Geriye dönük olarak kesilen cezalar içerisinde hem vergi ziyaı hem de özel usulsüzlük cezalarının birleşmesi halinde mükellefiyet tesis edilen için ağır bir yaptırım söz konusu olmakta ve bu durum yargıya intikal etmektedir.
Danıştay 4’üncü dairesi 07.02.2013 tarih ve 2012/6286 esas ve 2013/462 karar numaralı kararında gayrimenkullerle ilgili olarak tapu sicil müdürlüklerince doldurulan bilgi formlarından ve elektronik ortamda yapılan sorgulama sonuçlarından hareketle,davacının 10.05.2005 ila 19.12.2008 tarihleri arasında yapmış olduğu taşınmaz satışları nedeniyle bu döneme ilişkin ticari kazanç mükellefiyetinin açılış ve kapanışının yapılması gerektiği yolundaki 25.10.2010 tarihli yazıya istinaden davacı adına mükellefiyet tesis edilerek ilgili dönem beyannamelerini vermemesi nedeniyle dava konusu özel usulsüzlük cezalarının kesildiğinin anlaşıldığı ve mükellefin işe başladığı tespit edilen tarih esas alınarak, geçmiş dönemleri de kapsayacak şekilde mükellefiyet tesis edilmesi halinde,işe başlama tarihi ile mükellefiyetin tesis edildiği tarih arasındaki dönemlerde elektronik ortamda beyanname verilmesi hukuken ve fiilen mümkün olmadığından dava konusu özel usulsüzlük cezalarını kaldıran Mahkeme kararında hukuka aykırılık görülmediği belirtilmiştir.

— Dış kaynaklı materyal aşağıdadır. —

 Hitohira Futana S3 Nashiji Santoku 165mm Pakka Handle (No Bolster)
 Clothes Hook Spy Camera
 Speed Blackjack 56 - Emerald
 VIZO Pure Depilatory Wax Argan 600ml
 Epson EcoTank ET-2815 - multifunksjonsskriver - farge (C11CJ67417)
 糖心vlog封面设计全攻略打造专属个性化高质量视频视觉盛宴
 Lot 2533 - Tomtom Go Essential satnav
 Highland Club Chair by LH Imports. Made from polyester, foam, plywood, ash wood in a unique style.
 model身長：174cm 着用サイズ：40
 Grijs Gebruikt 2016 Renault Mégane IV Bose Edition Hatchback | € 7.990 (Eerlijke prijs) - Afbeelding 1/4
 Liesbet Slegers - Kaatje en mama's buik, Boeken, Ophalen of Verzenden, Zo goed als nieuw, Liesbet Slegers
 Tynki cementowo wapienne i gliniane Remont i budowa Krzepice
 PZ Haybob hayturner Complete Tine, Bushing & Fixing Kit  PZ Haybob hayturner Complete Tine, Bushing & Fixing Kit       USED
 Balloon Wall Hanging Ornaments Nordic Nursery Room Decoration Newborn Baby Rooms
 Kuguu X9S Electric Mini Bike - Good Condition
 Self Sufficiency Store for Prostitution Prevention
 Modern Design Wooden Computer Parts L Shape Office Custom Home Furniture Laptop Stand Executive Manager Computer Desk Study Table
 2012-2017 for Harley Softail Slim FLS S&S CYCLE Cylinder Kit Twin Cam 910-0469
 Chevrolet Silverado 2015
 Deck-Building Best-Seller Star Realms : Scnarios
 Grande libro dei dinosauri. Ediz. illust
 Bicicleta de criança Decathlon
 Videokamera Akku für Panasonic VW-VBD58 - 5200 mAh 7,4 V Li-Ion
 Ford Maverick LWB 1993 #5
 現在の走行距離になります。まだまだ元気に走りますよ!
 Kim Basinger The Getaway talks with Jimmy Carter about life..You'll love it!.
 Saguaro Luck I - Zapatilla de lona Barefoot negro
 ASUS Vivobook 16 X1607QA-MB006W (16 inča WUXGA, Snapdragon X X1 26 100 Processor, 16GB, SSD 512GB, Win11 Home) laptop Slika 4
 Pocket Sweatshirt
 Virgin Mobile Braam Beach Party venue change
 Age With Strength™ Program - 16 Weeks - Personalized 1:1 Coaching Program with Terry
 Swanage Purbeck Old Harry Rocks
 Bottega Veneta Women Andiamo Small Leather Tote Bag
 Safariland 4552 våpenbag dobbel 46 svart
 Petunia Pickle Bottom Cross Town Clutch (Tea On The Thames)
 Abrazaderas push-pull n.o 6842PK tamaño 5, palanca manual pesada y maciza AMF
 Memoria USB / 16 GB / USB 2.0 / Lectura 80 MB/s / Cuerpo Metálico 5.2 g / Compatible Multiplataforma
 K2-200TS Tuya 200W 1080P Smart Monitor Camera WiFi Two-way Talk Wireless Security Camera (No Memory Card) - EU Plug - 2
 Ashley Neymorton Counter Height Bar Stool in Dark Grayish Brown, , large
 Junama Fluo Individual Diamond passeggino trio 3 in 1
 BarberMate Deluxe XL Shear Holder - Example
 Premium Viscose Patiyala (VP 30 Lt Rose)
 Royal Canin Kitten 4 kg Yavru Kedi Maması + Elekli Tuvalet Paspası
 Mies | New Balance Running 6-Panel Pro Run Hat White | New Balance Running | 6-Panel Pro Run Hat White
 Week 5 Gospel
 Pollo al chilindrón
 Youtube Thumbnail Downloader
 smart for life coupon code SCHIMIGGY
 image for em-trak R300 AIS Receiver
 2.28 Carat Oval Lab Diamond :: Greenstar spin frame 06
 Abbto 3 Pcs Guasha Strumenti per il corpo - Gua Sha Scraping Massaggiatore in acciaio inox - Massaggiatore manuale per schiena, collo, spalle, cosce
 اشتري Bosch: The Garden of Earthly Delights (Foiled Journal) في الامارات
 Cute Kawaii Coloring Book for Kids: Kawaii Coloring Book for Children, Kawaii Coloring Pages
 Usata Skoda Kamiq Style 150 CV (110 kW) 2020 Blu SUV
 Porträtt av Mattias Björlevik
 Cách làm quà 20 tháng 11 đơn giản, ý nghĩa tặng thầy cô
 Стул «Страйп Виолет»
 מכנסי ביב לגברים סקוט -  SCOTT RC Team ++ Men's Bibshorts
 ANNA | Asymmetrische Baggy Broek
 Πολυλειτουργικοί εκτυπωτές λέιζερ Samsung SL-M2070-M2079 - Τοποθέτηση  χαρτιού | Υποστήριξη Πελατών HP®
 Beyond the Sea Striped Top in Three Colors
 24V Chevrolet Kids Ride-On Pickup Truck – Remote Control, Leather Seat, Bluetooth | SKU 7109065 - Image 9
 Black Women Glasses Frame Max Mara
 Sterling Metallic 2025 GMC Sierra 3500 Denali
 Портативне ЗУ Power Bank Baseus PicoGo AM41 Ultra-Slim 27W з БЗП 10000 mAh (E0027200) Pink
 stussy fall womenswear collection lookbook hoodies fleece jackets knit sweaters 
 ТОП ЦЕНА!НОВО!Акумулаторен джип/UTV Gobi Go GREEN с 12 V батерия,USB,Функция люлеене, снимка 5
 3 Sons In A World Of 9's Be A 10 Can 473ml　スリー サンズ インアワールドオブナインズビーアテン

Ancak karşı oyda ise belirtilen faaliyetin belirli bir ticari organizasyon dahilinde sürekli olarak ve kar amacı güderek yürüttüğü bu faaliyetin ticari faaliyet niteliğinde olduğu ve kayıt dışı olarak ticari faaliyette bulunduğu tespit edilen davacı adına geçmiş dönemlere ilişkin olarak elektronik ortamda beyanname verme yükümlülüğünün ihlali nedeniyle özel usulsüzlük cezası kesilmesinde yasaya aykırılık bulunmadığı belirtilmiştir.